**Exercise**.
Using the data below, return the stretch from the line that contains "Vipoa(ヴィポア)の「Henley neck slim" through the line that contains "Movie poster for", both included, exactly as it stands and nothing beyond it.
--- Entries supplied ---
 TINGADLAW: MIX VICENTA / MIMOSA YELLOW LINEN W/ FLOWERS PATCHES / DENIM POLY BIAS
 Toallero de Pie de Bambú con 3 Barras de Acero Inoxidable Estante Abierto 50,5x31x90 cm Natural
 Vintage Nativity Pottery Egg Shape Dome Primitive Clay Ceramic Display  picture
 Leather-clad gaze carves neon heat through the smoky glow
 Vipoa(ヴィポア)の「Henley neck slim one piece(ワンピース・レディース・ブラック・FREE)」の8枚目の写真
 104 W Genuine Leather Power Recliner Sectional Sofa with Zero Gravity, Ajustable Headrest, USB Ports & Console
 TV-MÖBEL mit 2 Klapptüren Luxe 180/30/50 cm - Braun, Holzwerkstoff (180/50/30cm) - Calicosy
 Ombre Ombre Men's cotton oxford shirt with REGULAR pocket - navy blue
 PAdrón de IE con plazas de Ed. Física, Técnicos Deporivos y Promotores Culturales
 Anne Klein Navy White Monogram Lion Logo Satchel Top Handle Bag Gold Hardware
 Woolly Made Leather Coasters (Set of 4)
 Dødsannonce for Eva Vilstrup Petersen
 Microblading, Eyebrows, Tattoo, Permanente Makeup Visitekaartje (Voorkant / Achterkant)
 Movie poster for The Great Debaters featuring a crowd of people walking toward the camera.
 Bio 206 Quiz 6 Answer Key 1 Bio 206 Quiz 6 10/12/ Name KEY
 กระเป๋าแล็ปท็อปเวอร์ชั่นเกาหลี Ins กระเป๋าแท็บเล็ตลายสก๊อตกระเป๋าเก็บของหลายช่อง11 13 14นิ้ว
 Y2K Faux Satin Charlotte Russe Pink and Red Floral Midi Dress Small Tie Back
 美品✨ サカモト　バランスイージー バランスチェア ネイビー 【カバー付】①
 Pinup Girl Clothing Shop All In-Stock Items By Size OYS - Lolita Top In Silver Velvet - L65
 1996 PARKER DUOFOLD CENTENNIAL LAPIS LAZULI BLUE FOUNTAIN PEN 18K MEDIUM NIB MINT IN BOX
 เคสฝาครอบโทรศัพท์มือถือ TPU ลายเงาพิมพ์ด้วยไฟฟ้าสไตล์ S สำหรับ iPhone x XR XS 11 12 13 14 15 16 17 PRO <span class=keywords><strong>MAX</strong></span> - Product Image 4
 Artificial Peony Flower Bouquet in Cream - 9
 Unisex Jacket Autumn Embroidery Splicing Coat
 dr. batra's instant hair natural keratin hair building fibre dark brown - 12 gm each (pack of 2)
---
**Response area**.
 Vipoa(ヴィポア)の「Henley neck slim one piece(ワンピース・レディース・ブラック・FREE)」の8枚目の写真
 104 W Genuine Leather Power Recliner Sectional Sofa with Zero Gravity, Ajustable Headrest, USB Ports & Console
 TV-MÖBEL mit 2 Klapptüren Luxe 180/30/50 cm - Braun, Holzwerkstoff (180/50/30cm) - Calicosy
 Ombre Ombre Men's cotton oxford shirt with REGULAR pocket - navy blue
 PAdrón de IE con plazas de Ed. Física, Técnicos Deporivos y Promotores Culturales
 Anne Klein Navy White Monogram Lion Logo Satchel Top Handle Bag Gold Hardware
 Woolly Made Leather Coasters (Set of 4)
 Dødsannonce for Eva Vilstrup Petersen
 Microblading, Eyebrows, Tattoo, Permanente Makeup Visitekaartje (Voorkant / Achterkant)
 Movie poster for The Great Debaters featuring a crowd of people walking toward the camera.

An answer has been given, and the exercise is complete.